Wills & Estates
At Mason Bennett Johncox, Brandon McBride will guide you through your Estate Planning and Estate Administration needs:
Estate Planning Services
- Will Drafting
- Individual Wills
- Spousal Wills
- Multiple Wills
- Powers of Attorneys (Property and Personal Care)
- Trust Agreements
- Business Succession
Estate Administration Services
- Assisting Executors with the Administration of Estates
- Will Interpretation
- Advising Executors of their Duties
- Advertising for Creditors
- Arranging for the Transfer of Assets
- Preparing Releases
- Preparing Probate Applications (with or without a Will)
Why Should I have a Will and Powers of Attorney?
One of the most well-known legal documents is a Will, but there is often confusion of what a Will actually does. A Will is a legal document which sets out your wishes and directions with respect to your estate after your death. Without a Will, your estate is said to be "intestate" and will be distributed in accordance with Ontario legislation, which may or may not reflect your wishes. Intestacy will likely create higher costs, delays and squabbling among family members. Additionally, without a Will, the court will need to approve who will act as your executor, and who will look after your minor children, if applicable.
Another less known legal document is Powers of Attorney. This is a document in which you grant power of your assets or personal care to another person. Without Powers of Attorney, the people you would want to make decisions for you may not be able to do so.
People have a natural reluctance to create Wills and Powers of Attorney. That is understandable: thinking about your own death or mental incapacity is not pleasant.
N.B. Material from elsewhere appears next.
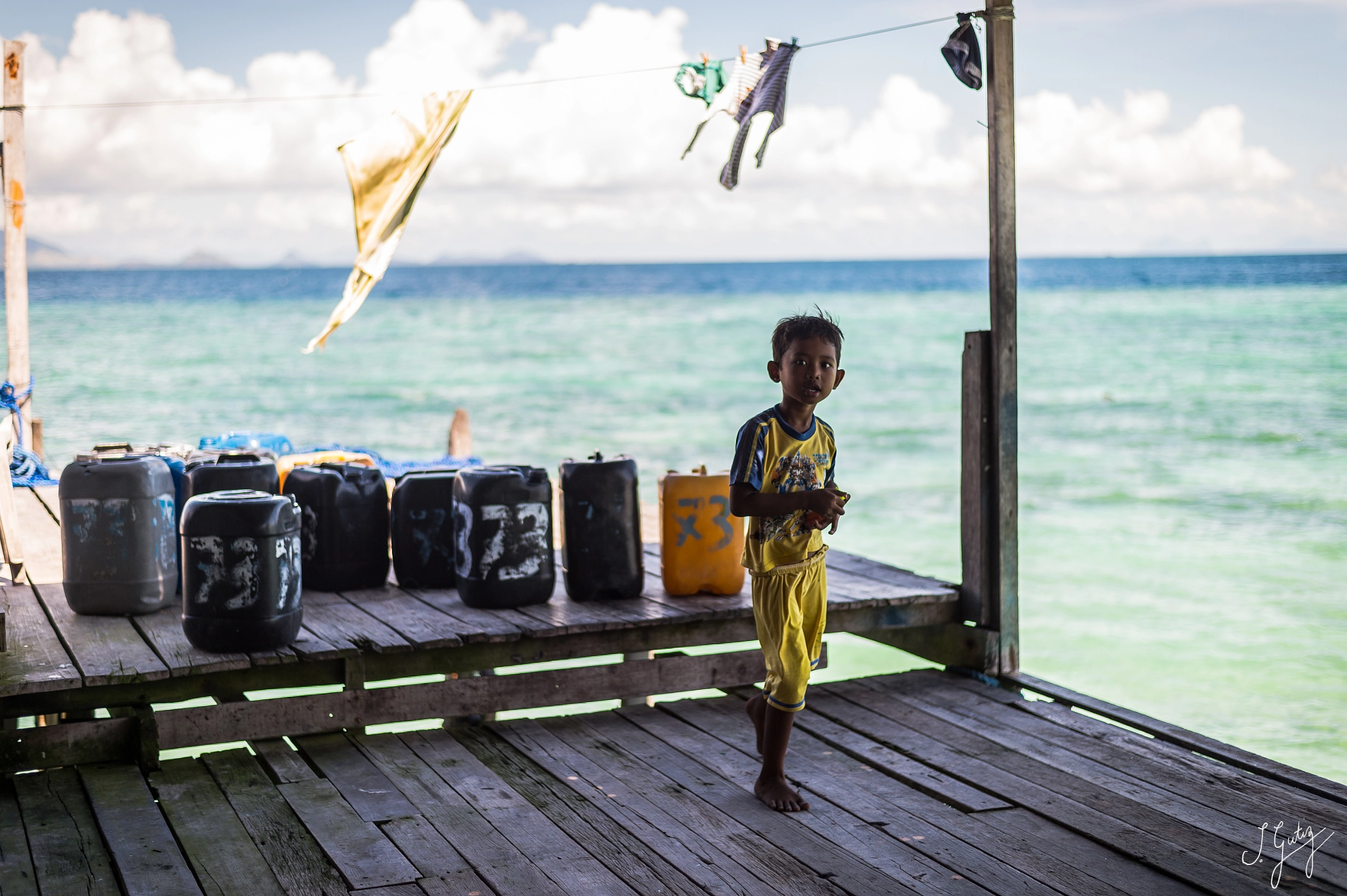Nikon D4S + Nikon AF-S Nikkor 50mm F1.8G sample photo. Little boy on mabul photography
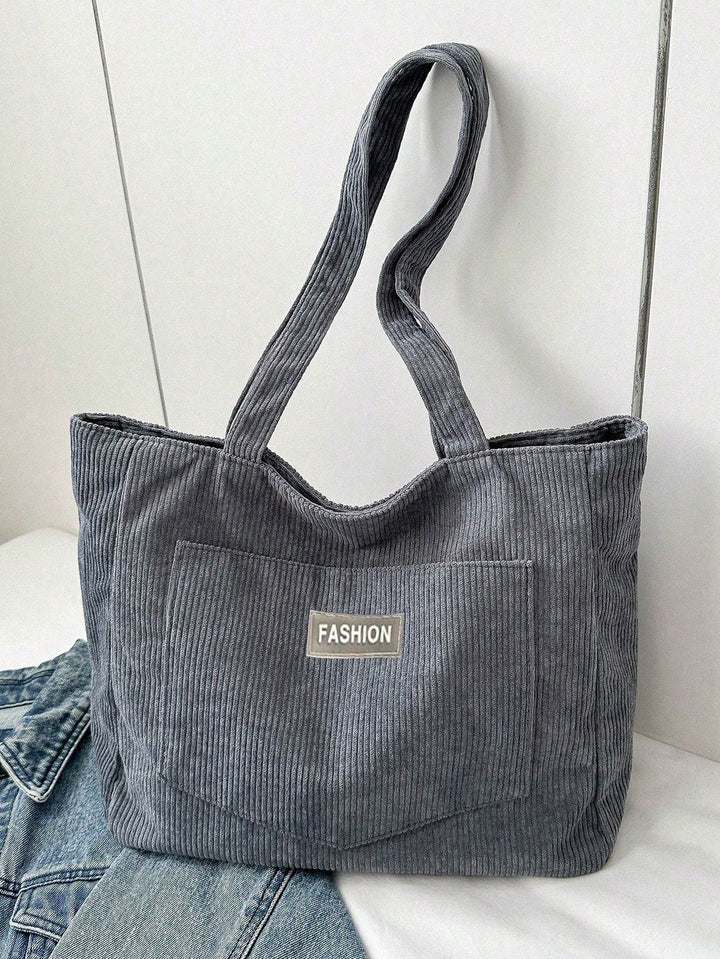 Ruime dames tas voor school en werk. Grote totebag die ook dient als comfortabele schoudertas.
However, if you have not done that planning, you likely always have a nagging thought that you should get on it.
An intestacy creates all kinds of bureaucratic problems which your loved ones must deal with, making the grieving process far more stressful than necessary. The same result occurs when someone becomes mentally incapacitated and does not have a Power of Attorney. Without one, you will be placing a burden on your friends and family with added stress and obligations.
Another reason for creating a Power of Attorney is cost. It will cost you (or your estate) considerably more money to deal with an intestacy or incapacity in the absence of Powers of Attorney. Spend a little now to avoid having to spend a lot later!
What are Powers of Attorneys?
There are two types of Powers of Attorney:
A Continuing Power of Attorney for Property is a legal document in which a person gives someone else the legal authority to make decisions about their finances, assets and personal property, and is typically used if they become unable to make those decisions themselves. The person who is named as the attorney does not have to be a lawyer, and in most cases is either a spouse or close relative. The power of attorney is called ‘continuing’ because it can be used after the person who gave it is no longer mentally capable.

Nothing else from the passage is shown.